Toutefois, le rapport d'expertise - nullement contesté par le recourant sur
ce point, ce qui rend sans objet les objections relatives au refus
d'expertise complémentaire - fait clairement ressortir un manque de contrôle
pulsionnel et une tolérance très basse aux frustrations, associés à une
consommation régulière de drogues et d'alcool, ce dernier abaissant encore
les inhibitions et le contrôle pulsionnel. Ces éléments sont susceptibles à
tout le moins de faire craindre des actes de violence contre des personnes.
Les experts préconisent de soumettre le recourant à des mesures propres à lui
rappeler la légalité et à le confronter à la réalité, ainsi qu'une
psychothérapie. Cela devrait toutefois procéder d'une motivation et d'une
démarche personnelle du recourant, conditions qui feraient défaut
actuellement. De ce point de vue, il n'apparaît pas possible, pour l'heure,
de substituer à la détention une mesure moins contraignante. Le risque de
récidive peut par conséquent être retenu.

4.
Le risque de fuite ne peut, lui non plus, être contesté.

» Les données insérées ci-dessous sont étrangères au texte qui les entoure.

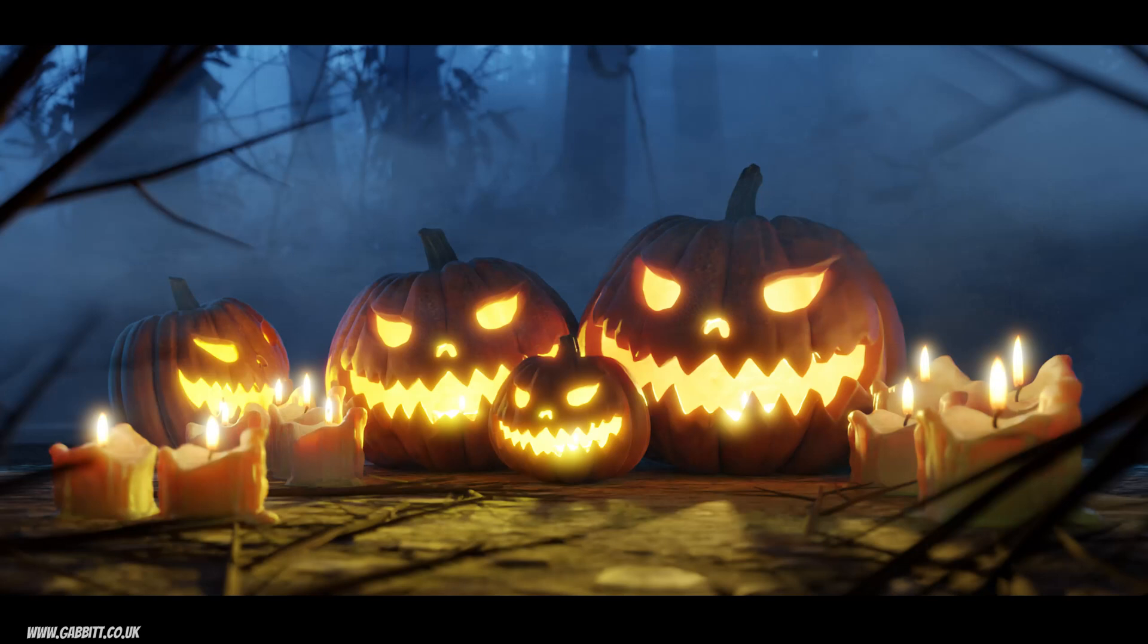This video will show you how you can light and compose your scenes for maximum atmosphere, intensity and effect. This is obviously focused on a Halloween setting but the principles can be applied to any scene you've created.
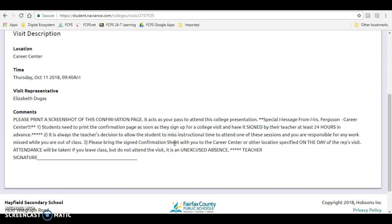You will bring this pass with you to the Career Center, as I do take attendance and match it up with my list of people who have signed up for the college admissions representative's visit.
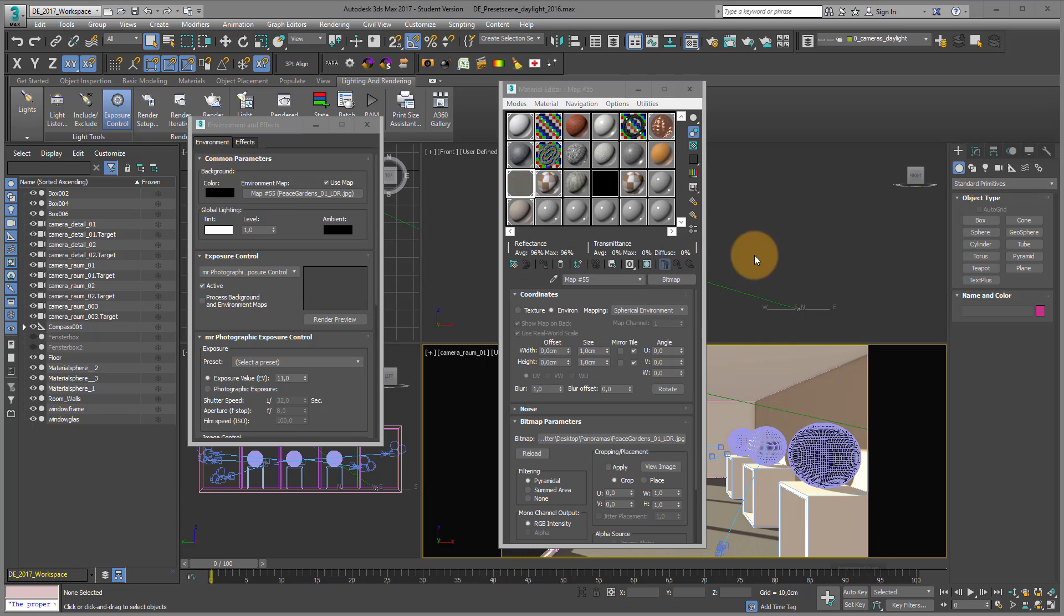And just because it was a panorama, panoramic picture, spherical environment is fine. Environment is fine.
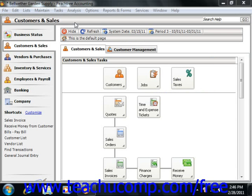If you selected to create your chart of accounts using one of the business types listed in the new company setup wizard, then you likely have a full chart of accounts which will give you all of the accounts necessary to run a business. However, you may want to add, delete, or rename specific accounts in the default chart of accounts. You will also need to enter opening balances for your accounts as well. This can be done by using the Maintain Chart of Accounts window.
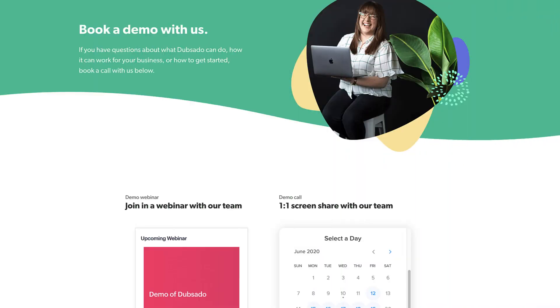Here's a tip. Wondering if Dubsado is right for your business, book a one-on-one demo call with our team.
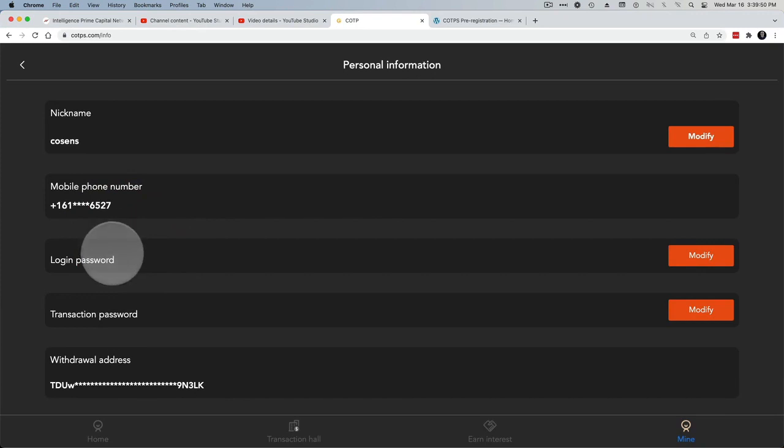You have a login password and a transaction password. What that means is when it comes to putting money in or taking money out, you need that additional transaction password to be input.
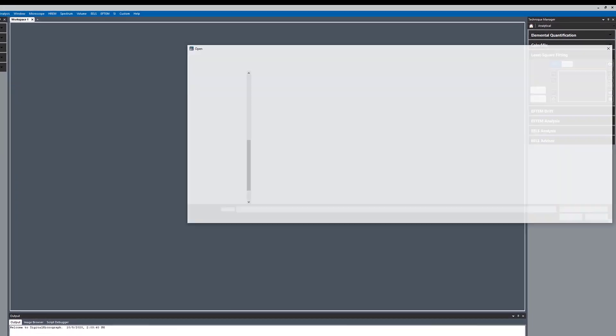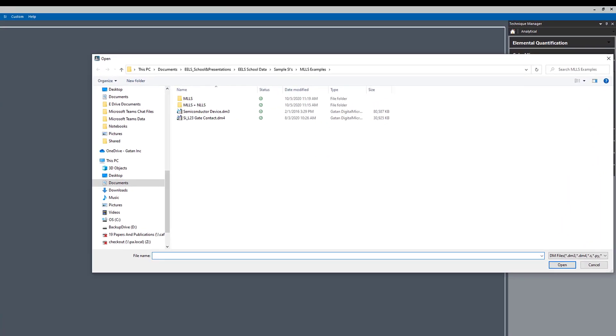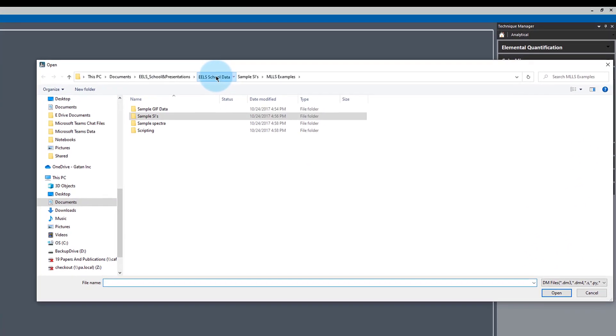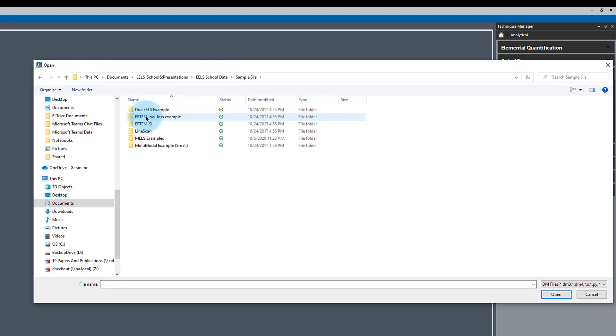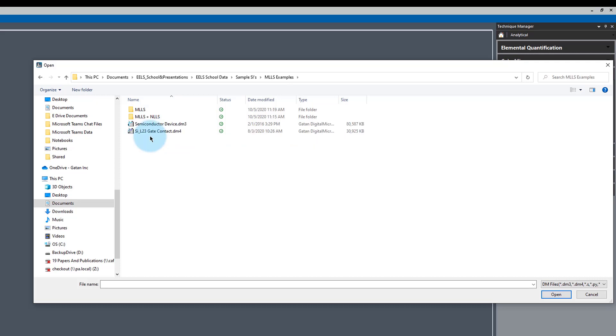Go to File, Open, and under EELS Data, Sample SIs, MLLS Examples, Silicon L23 Gate Contact.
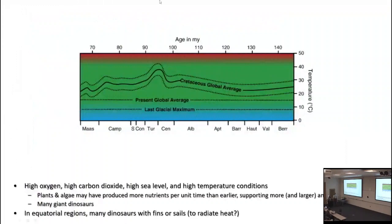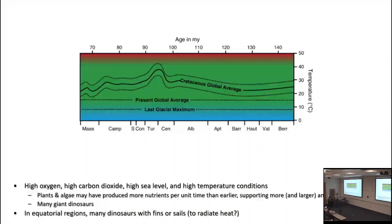Additionally, the warmer a liquid gets, the less dissolved gas it has — it goes flat. The warmer the ocean is, the less CO2 it holds, so CO2 comes out of the ocean, stays in the atmosphere, and CO2 is of course a greenhouse gas. So the world gets particularly warm during this interval — a peak in CO2, possibly a peak in oxygen, definitely a peak in high sea level and high temperatures. During this interval in equatorial regions, we find many dinosaurs with fins or sails on the body in different groups — ornithopods, sauropods like the rebbachisaurids, and especially theropods in the form of spinosaurids — possibly evolving to dump heat from the body to avoid overheating.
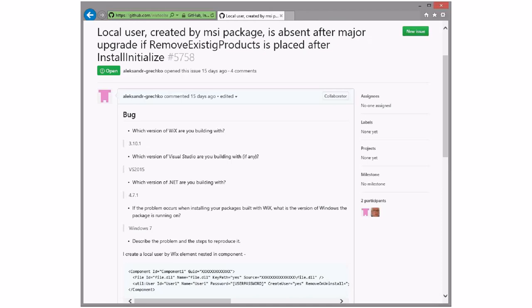Do you know off the top of your head — commit custom actions, are they executed if rollback is disabled? I just don't remember off the top of my head either. There is something that's not committed in that case, but I don't know that it's commit custom actions that get tossed. That would be one reason to switch to a normal deferred CA, but I would argue that remove user being a commit custom action is probably the best you can do given the limitations.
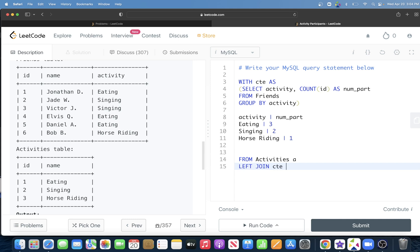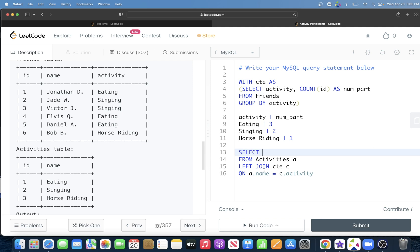Step two: from the Activities table aliased as 'a', we left join the CTE aliased as 'c' on a.name equals c.activity. We select a.name to keep all activities, and c.num_part to get the participant count from the CTE.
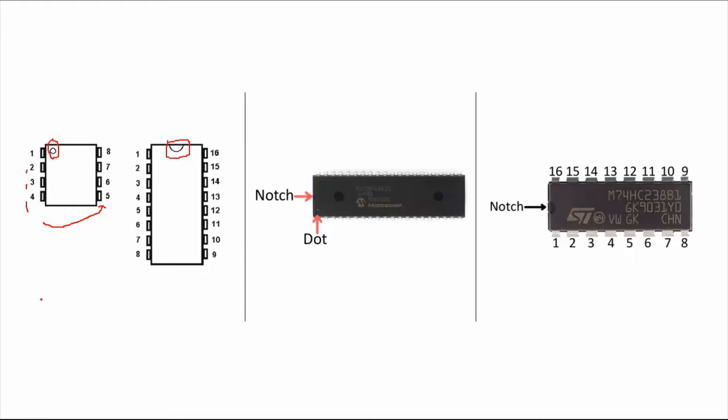You can have a look at this layout here. The number of pins on one side is eight, and again the number of pins on the other side is eight. Again, the counting happens here in the anti-clockwise direction. So whenever you are placing the chip on the breadboard, these two become the reference point.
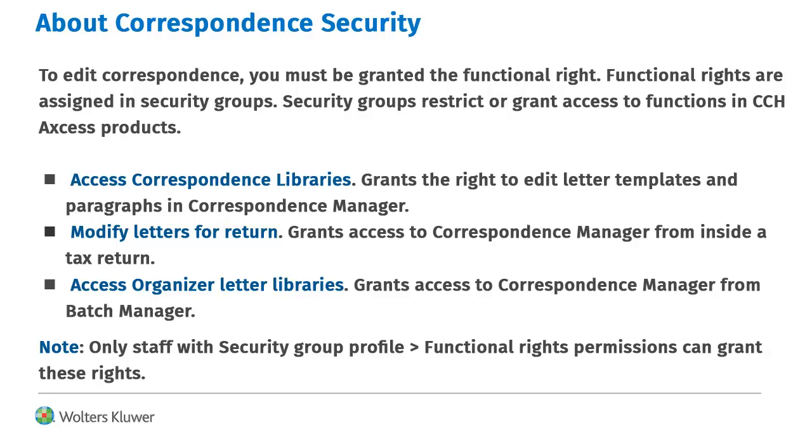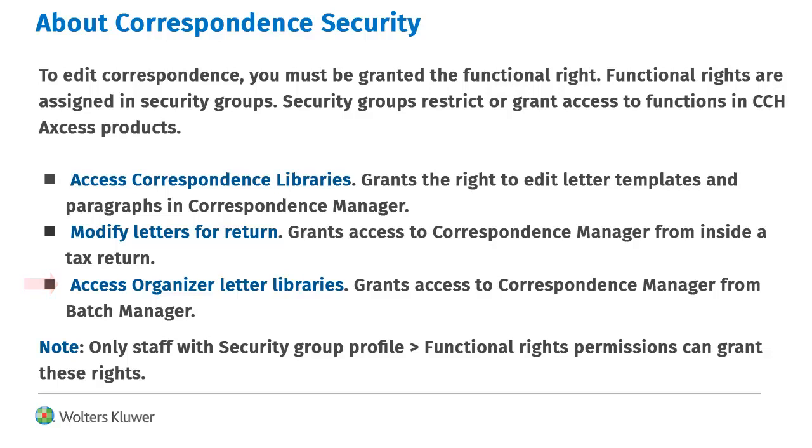There are three Correspondence Functional Rights. Access Correspondence Libraries grants the right to edit letter templates and paragraphs in Correspondence Manager. Modify Letters for Return grants access to Correspondence Manager to edit letters in a return. Access Organizer Letter Libraries grants access to edit organizer letters from Batch Manager. Only staff with security group profile functional rights permissions can grant these rights.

4.1 Selon la jurisprudence, ce risque ne peut s'apprécier sur la seule base
de la gravité de l'infraction même si, compte tenu de l'ensemble des
circonstances, la perspective d'une longue peine privative de liberté permet
souvent d'en présumer l'existence (ATF 125 I 60 consid. 3a p. 62); il doit
s'analyser en fonction d'un ensemble de critères tels que le caractère de
l'intéressé, sa moralité, ses ressources, ses liens avec l'Etat qui le
poursuit ainsi que ses contacts à l'étranger (ATF 117 Ia 69 consid. 4 et les
arrêts cités).

4.2 La cour cantonale a retenu que le recourant, de nationalité italienne,
n'avait aucune attache avec la Suisse, qu'il avait vécu dix-huit mois en
Thaïlande en 1999-2000, qu'il n'avait plus de relation avec son ancienne
amie, ni avec sa propre fille née en 1995 et que sa situation en Suisse était
précaire.
Le recourant relève qu'il est né en Suisse et que toute sa famille se trouve
en Valais. Il n'aurait plus de lien avec son ami en Thaïlande et se battrait
pour voir sa fille. Sa situation financière ne lui permettrait pas de se
rendre à l'étranger, et une fuite serait à considérer comme un aveu. Le
recourant se dit prêt à se soumettre à des mesures de contrôle, voire au
paiement d'une caution.

4.3 L'expertise psychiatrique fait état d'une importante instabilité
affective, sexuelle, professionnelle et familiale. Le recourant argue de ses
liens avec sa fille, mais force est de constater que, quelles qu'en soient
les raisons, il n'a jusqu'à présent entretenu aucune relation personnelle
avec celle-ci. A cela s'ajoute ses voyages vers l'étranger (Thaïlande et, en
dernier lieu, Miami), en dépit d'une situation financière déjà mauvaise. Il
est dès lors à craindre que le recourant ne puisse profiter d'une mise en
liberté pour se soustraire aux graves accusations qui pèsent contre lui. Le
recourant propose des mesures de substitution. Il n'a toutefois pas soulevé
cet argument en instance cantonale. Dans la mesure où l'arrêt cantonal est
muet à ce propos, le grief est nouveau et, partant, irrecevable (art. 86 al.
1 OJ).

5.
Sur le vu de ce qui précède, le recours de droit administratif doit être
rejeté, dans la mesure où il est recevable. Le recourant peut se voir
accorder l'assistance judiciaire, dont les conditions paraissent réunies. Me
Morard est désigné comme avocat d'office, rétribué par la caisse du Tribunal
fédéral. Il n'est pas perçu d'émolument judiciaire.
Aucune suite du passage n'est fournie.